I wished I’d been making a video.

The very next day, he opened one of the millions of boxes that arrive at our door every year. He did so the way he always does, using the scissors that lives in the top drawer of the kitchen utility cart. Invariably, I’ve had to nag him to put the scissors up when he was done with them, because invariably, he’d leave them on the floor.

Guess what he did the other day, instead?

Yep. He put them back where they belong. Without me having to say a word. Or even give him one of those “mommy looks.”

Somebody should have been making a video of me being knocked down with a feather.

I’m not getting too excited. It may be just another month-long fad. It may be that he is only capable of remembering to pick up after himself every ten and a half years.

Or, my baby may be growing up.

In the meantime, I need to get my camcorder ready the next time he takes something off a shelf or out of a drawer. Just to have proof that he does, indeed, know how to clean up after himself.


I Did It.

I did it. I finally did it.

Guess what I did. Give up?

Here’s a hint: it’s something that women my age typically have a hard time doing. It’s worse than trying to pull a camel through the eye of a needle. It’s like…it’s like…trying to pass off a Sumo wrestler as an anorexic.

(As a former anorexic, I’m allowed to make that joke. For all you P.C. readers out there.)

So, have you guessed the hard thing that I did yet? No?

All right, here it is:

I stuck to a decision.

I haven’t had any problems making a decision during the past few years. I’ve made plenty.

Like these:

I’m going to delete my YouTube channel. I’m going to get serious with my YouTube channel. I’m going to write four novels a year. I’m never going to write another novel again in my life. I’m going to write and record my own music. What? Who am I kidding?

But a couple of weeks ago, I made a decision and stuck to it. Wait for it…

The decision

I’m going to be a novelist.

“Uh, yeah, Emily, newsflash, you have nine novels for sale in the Kindle store.”

See, that’s the thing. Writing a few novels doesn’t make you a novelist. Just like having a few yard sales doesn’t make you a business guru.

Deciding that you’re going to create a career out of writing novels is what makes you a novelist.

Seeing novel-writing as a business is what makes you a novelist.

I mean, makes me a novelist. Unless you have a novel-writing career, and then, well, it’s you, too. Let’s start a club!


You will notice that I’ve made a few changes to this blog, a couple of them only in the past couple of days. The obvious one is the header. A professional author must have a professional-looking website, yes?

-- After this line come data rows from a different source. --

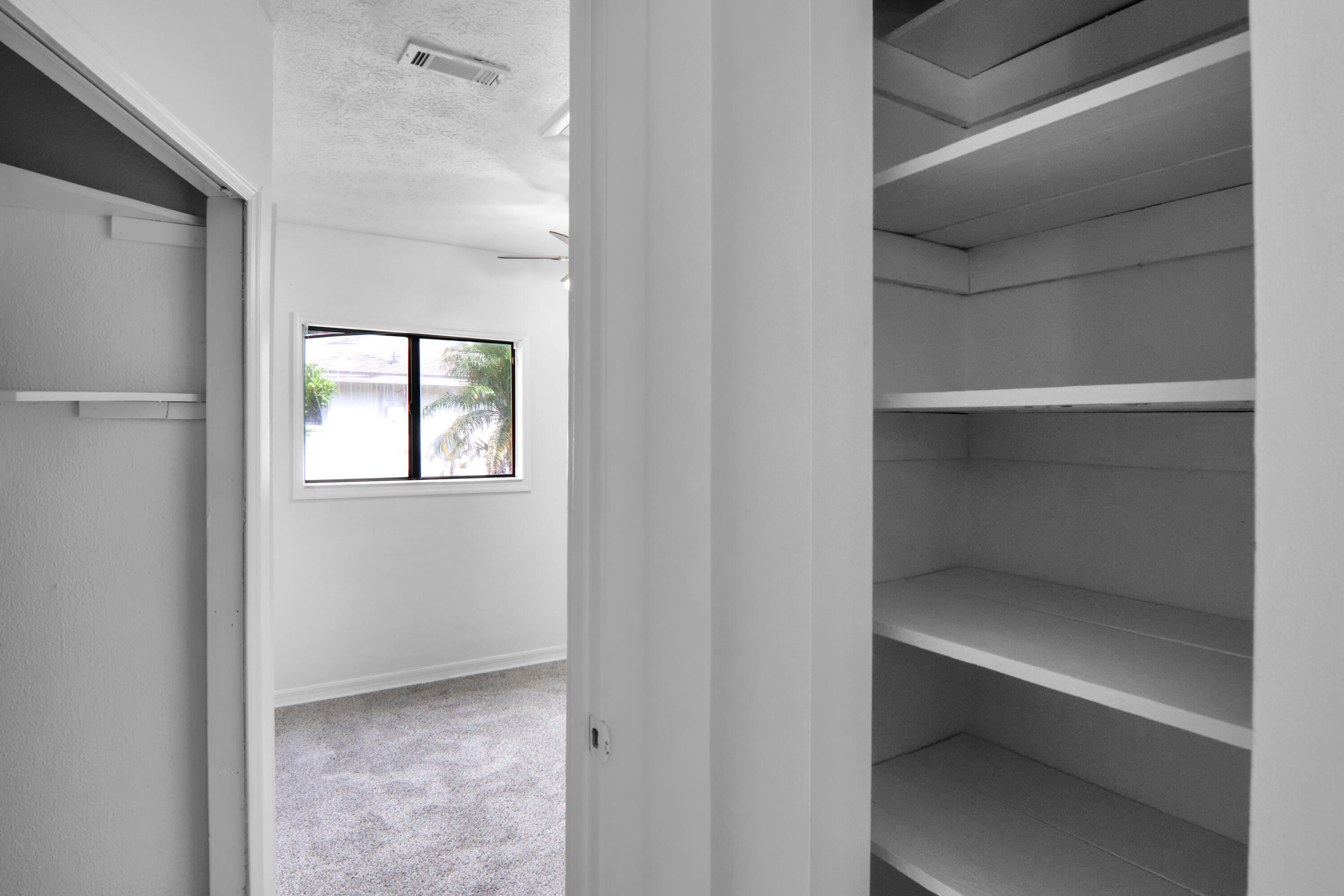 PORT ST LUCIE SECTION 9 - Residential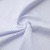 Ткань сорочечная Пула, 115 г/м2, 58% пэ,42% хл, шир.150 см, цв.1-голубой, (арт.107) - купить в Нижнем Новгороде. Цена 306.69 руб.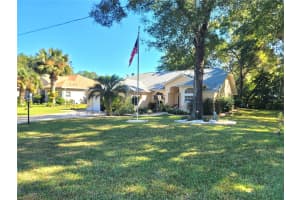 9707 196TH AVENUE ROAD, DUNNELLON, FL 34432 - MLS#MFROM713264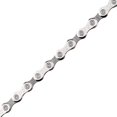 thumbnail image 1 of Campagnolo Veloce 10S Chain, 1 of 2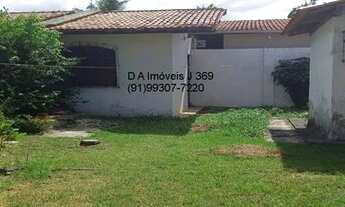 Imagem 7: CASA RESIDENCIAL em SALINÓPOLIS - PA, SALINÓPOLIS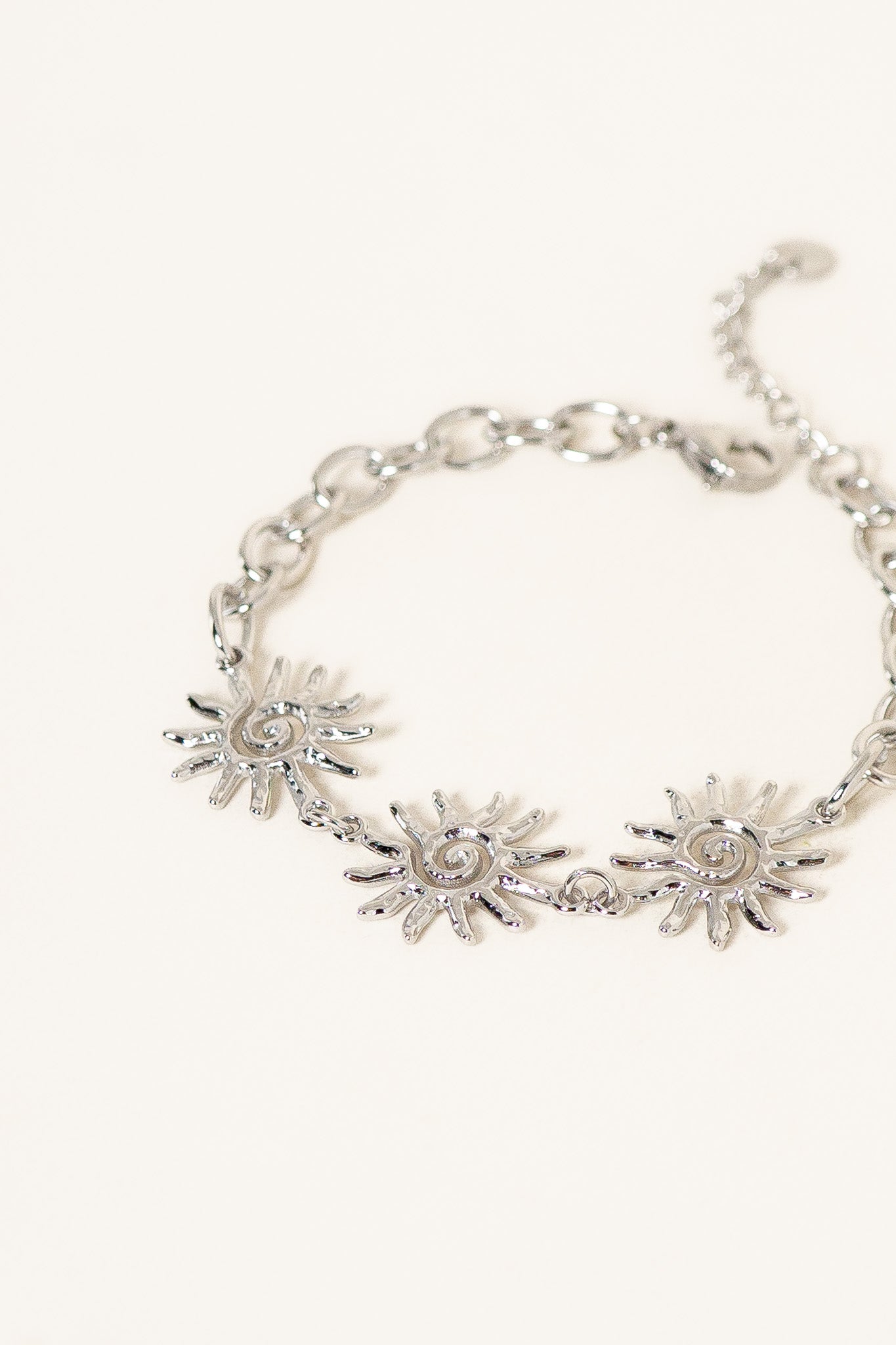 bracelet-solea-argente-acier-inoxydable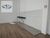 Sala-Conjunto, 902 m² - Foto 2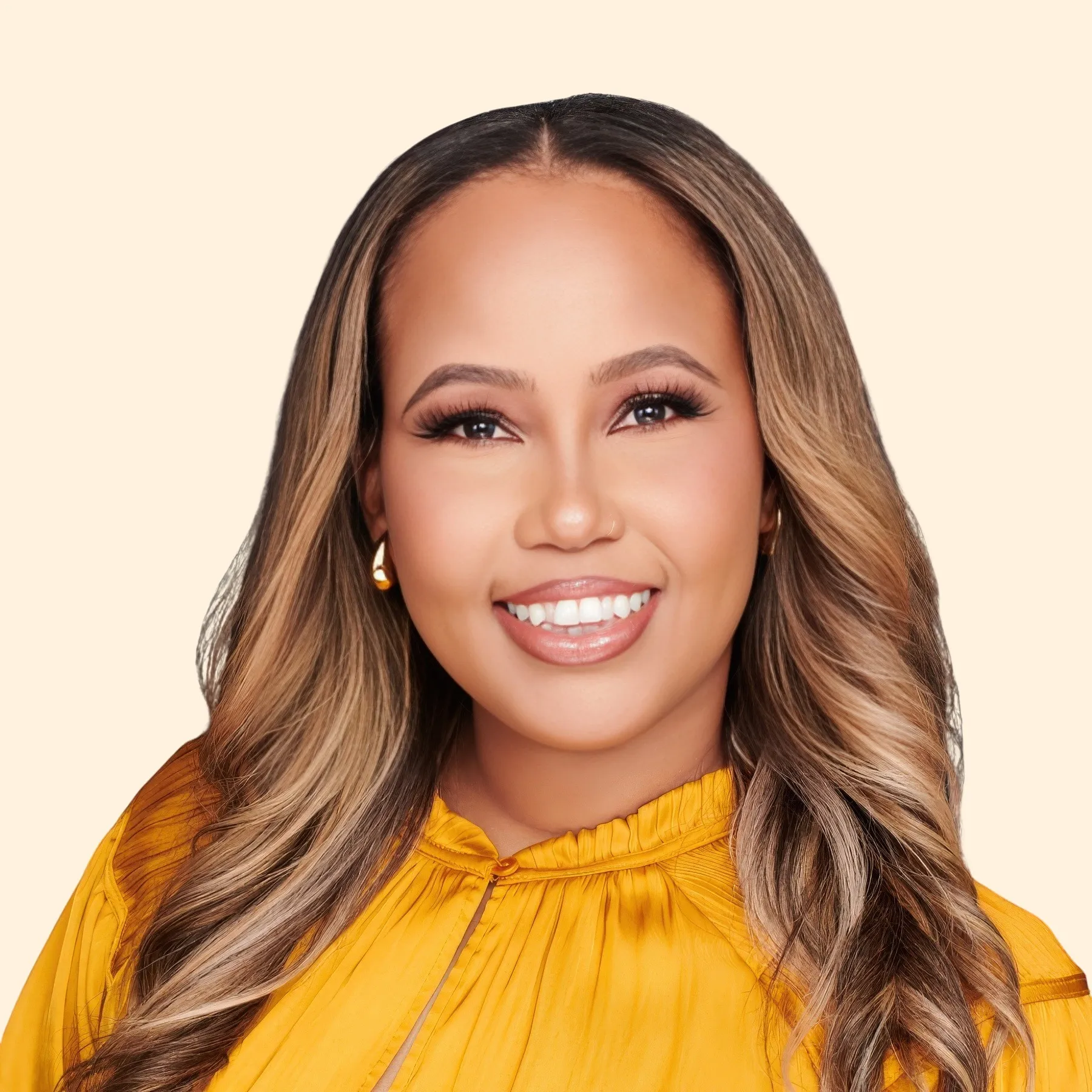 Ramla Aden - Reston, VA - Mental Health Counseling, Child And Adolescent Psychologist, Psychiatry, Psychologist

Then there is the sign-up form in the sidebar.

It’s not the first time I’ve ever had a sign-up form on a blog. Not the first time I’ve tried to build an e-mail list. But it is the first time I have no doubts that this time, I’m going to stick with it. I’m going to build an e-mail list of stark-raving-mad fans of my fiction.

Because everybody, and I mean EVERYBODY with any clout in the arena of selling books – including many Indie-published authors like myself – says that an e-mail list is the number one marketing tool that an author must have.

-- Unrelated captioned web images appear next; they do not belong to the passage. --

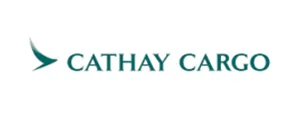 Cathay Cargo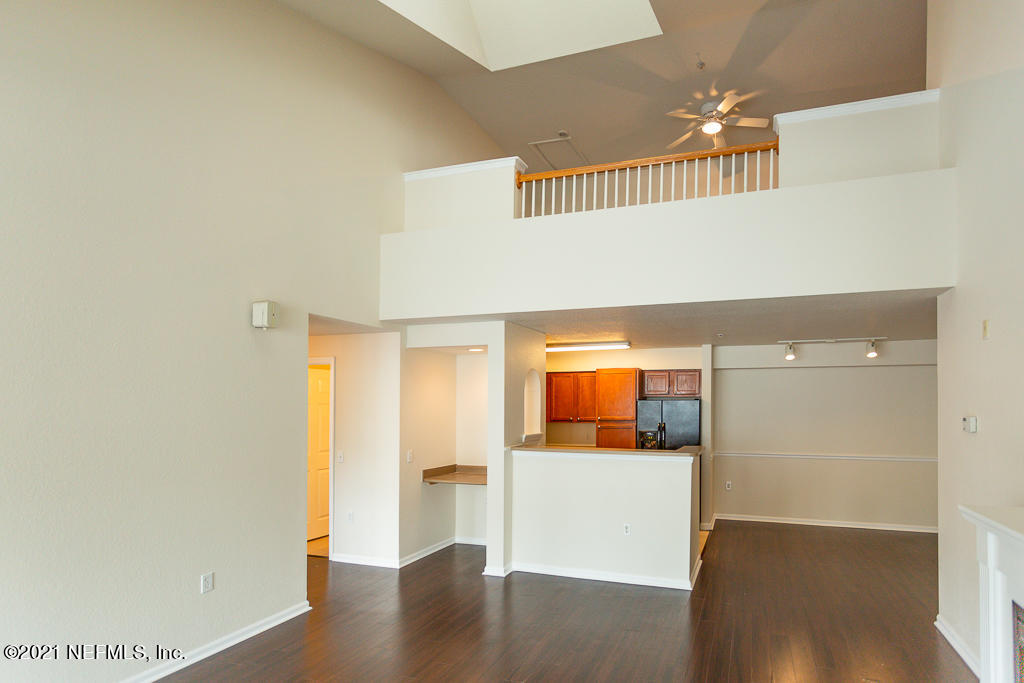 8550 Touchton Road, Unit 1321 Jacksonville, FL 32216 - Photo 20 of 31 176A1799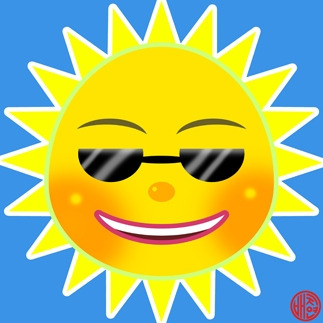 20201021-태양 사본.jpg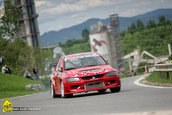 Muscel Racing Contest 2010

Other changes? I wrote an “About” page and published a “Contact” page. (PSST! I can practically guarantee that my About page is much more entertaining than the About page of any other author. So go read it!)

Just like a modern novelist should have on their website.

I want to publicly thank Brandon Sanderson, Howard Tayler, and Dan Wells of the “Writing Excuses” podcast, as well as Jim Rubart and Thomas Umstattd, Jr. of the “Novel Marketing” podcast for inadvertently giving me the kick in the rear that I needed to start getting serious about God’s call on my life.

And for facilitating a great miracle: a woman in perimenopause actually made a decision, and stuck to it!